I am at that point in my life. I have taken inventory of my moral failings and am ready to share this with a brother. God promises healing when I do this.
So why has it been so hard to want to share these things?
In my own life I have been extremely critical of others. Perhaps I expect the same from them. Why should I expect them to be any different than I was?
Maybe the items are too grotesque to want to share. Ok, "maybe" isn't the right word, I definitely don't want to share about those awful things.
Can't I just admit these things to God and have that be enough? The Bible says No.
In case you didn't understand what I just wrote, the Bible clearly teaches that I should share my faults with another. No sharing, no healing. Simple, huh?
This goes against my very nature. I want to conceal and hide my faults. I want to simply grow away from them, not grow through them. I was raised to hide from what I have done. Its a unnatural desire to want to share. Right?
I am seeking a new life. I want to emerge a free man. This "sharing" thing is just another tool. It can fix things that no other tool can fix. Don't use the wrong tool.
I have used many things as a hammer. Cresent wrenches, screwdrivers, and even rocks can all be used as hammers. But nothing works as good as a hammer in doing what a hammer can do.
So into my life I must bring this new tool. It promises to break me and heal me. I don't like pain and I am sure there will be some. But I really want to be healed.
When I was growing up, there lived a racoon across the street. His name was Sammy. Sammy used to steal my dads hammer all the time.

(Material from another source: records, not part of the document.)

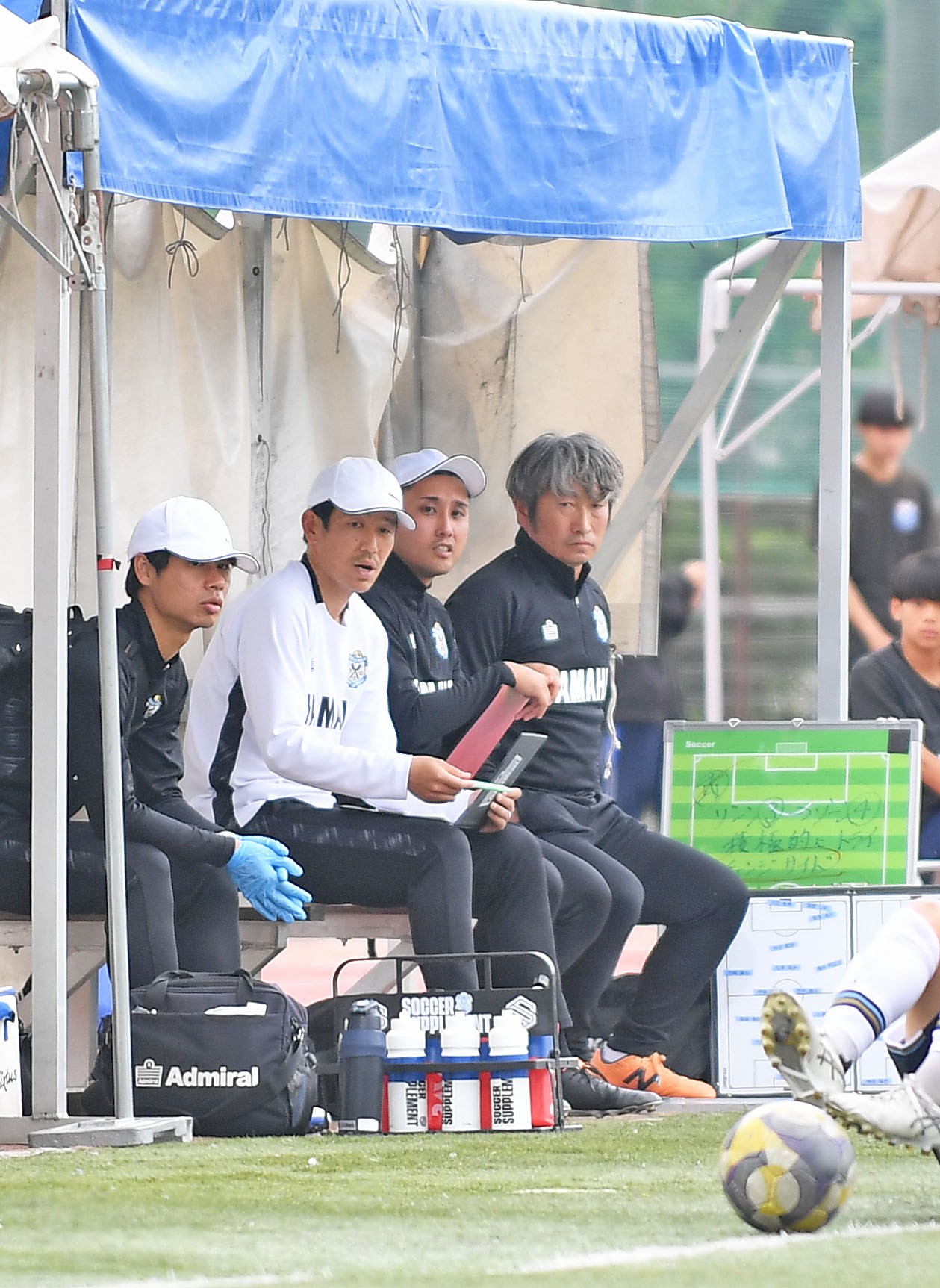 ベンチから戦況を見つめる磐田ユースの安間監督（右端）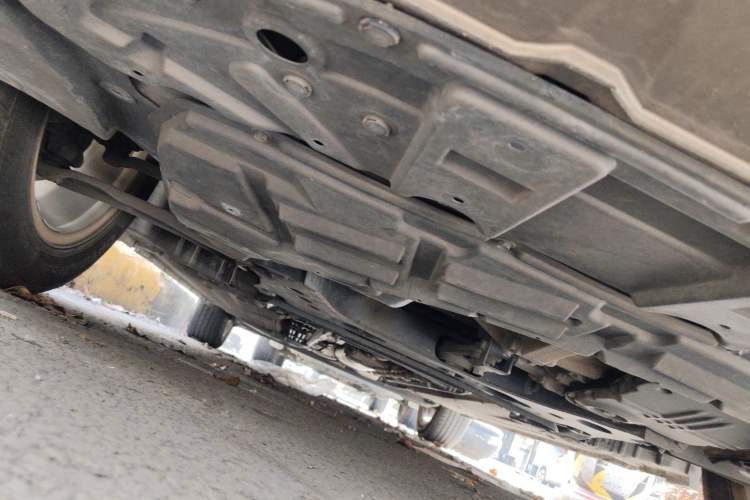 Used Dongfeng Aeolus A60 2012 1.6L Automatic Luxury Version Chassis Front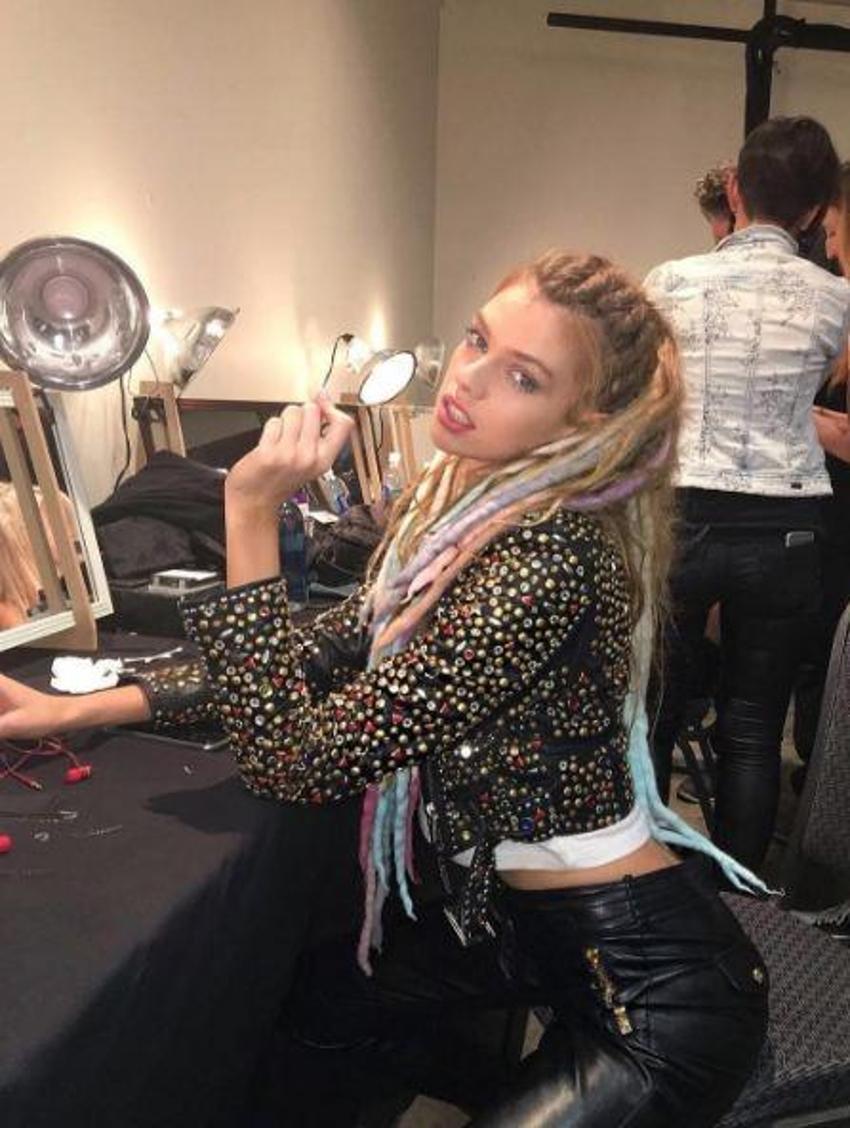 Stella Maxwell şeffaf elbisesi ile partiye damga vurdu!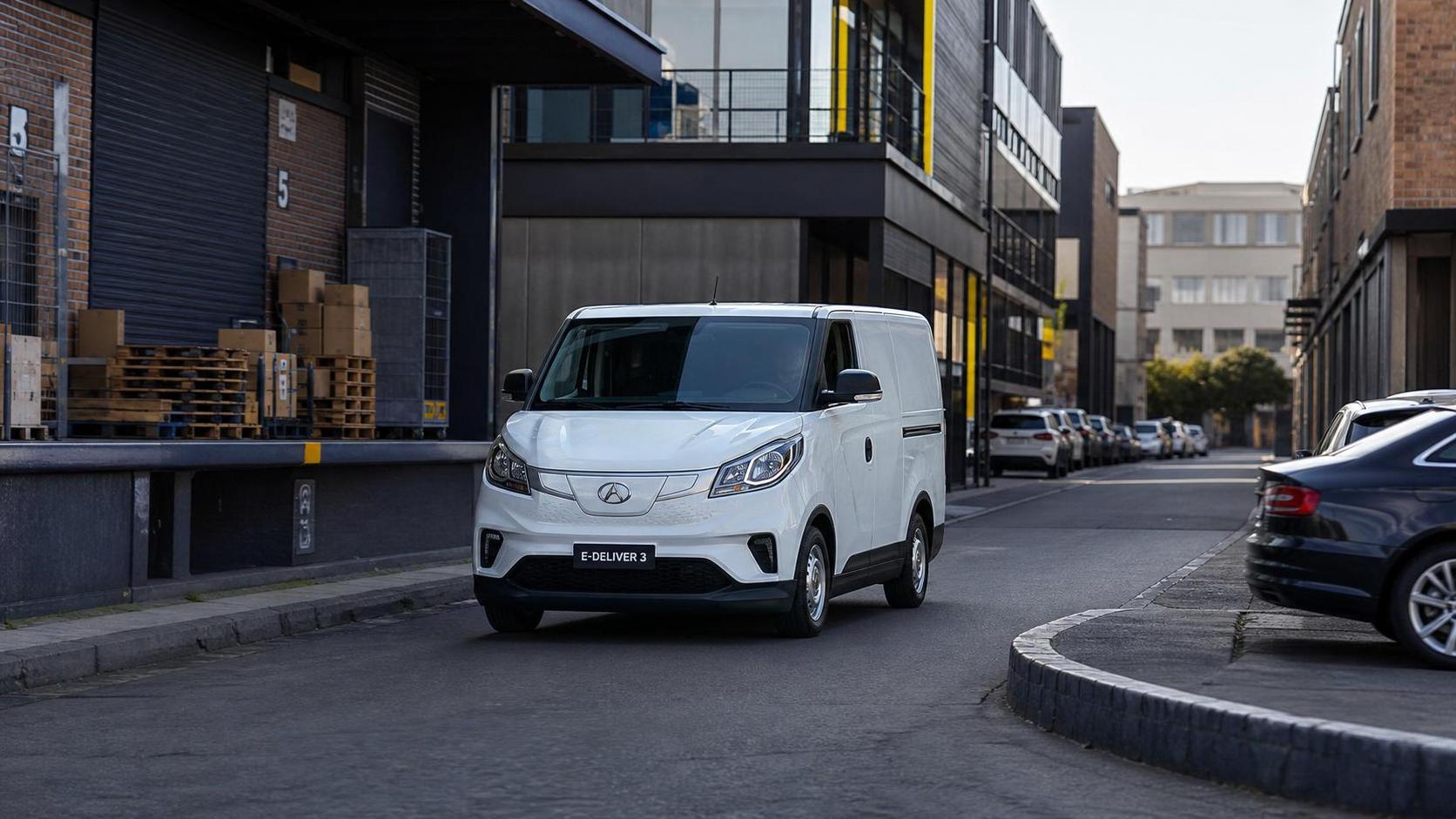 Best Light Commercial Vehicle for Urban Delivery in Tight City Routes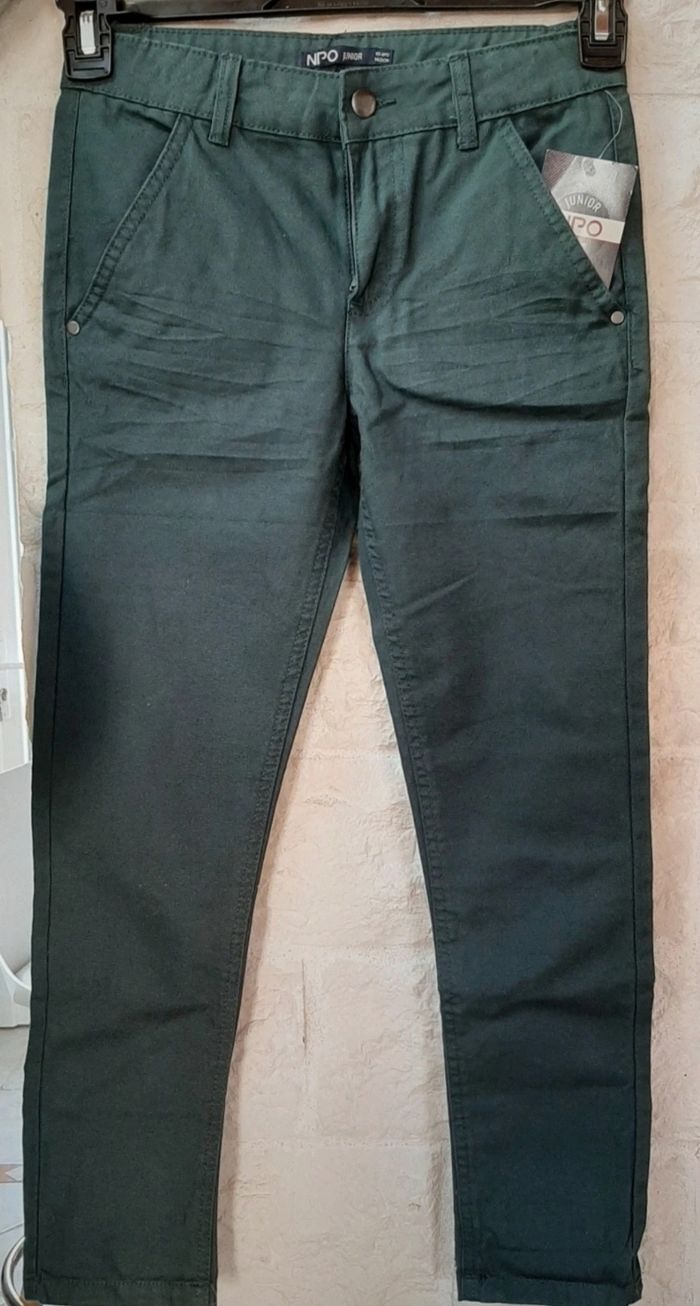Pantalon chino garçon jamais servi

My dad would weave a rich tapestry of fine words whenever Sammy would do this. I, of course, would laugh. Not around my dad, he was mad enough already.
Someone (Satan) has stolen my hammer. God gave me the tool and I didn't take care of it. I robbed myself of the blessings of using the tool. Satan is laughing.
Enough of that! That ole serpent is a tricky one. I am tired of playing his games.
I will swallow my pride. I will humble myself. I will beg God to forgive my past. And I will share it all with someone. Yep, that's what God wants. I am willing.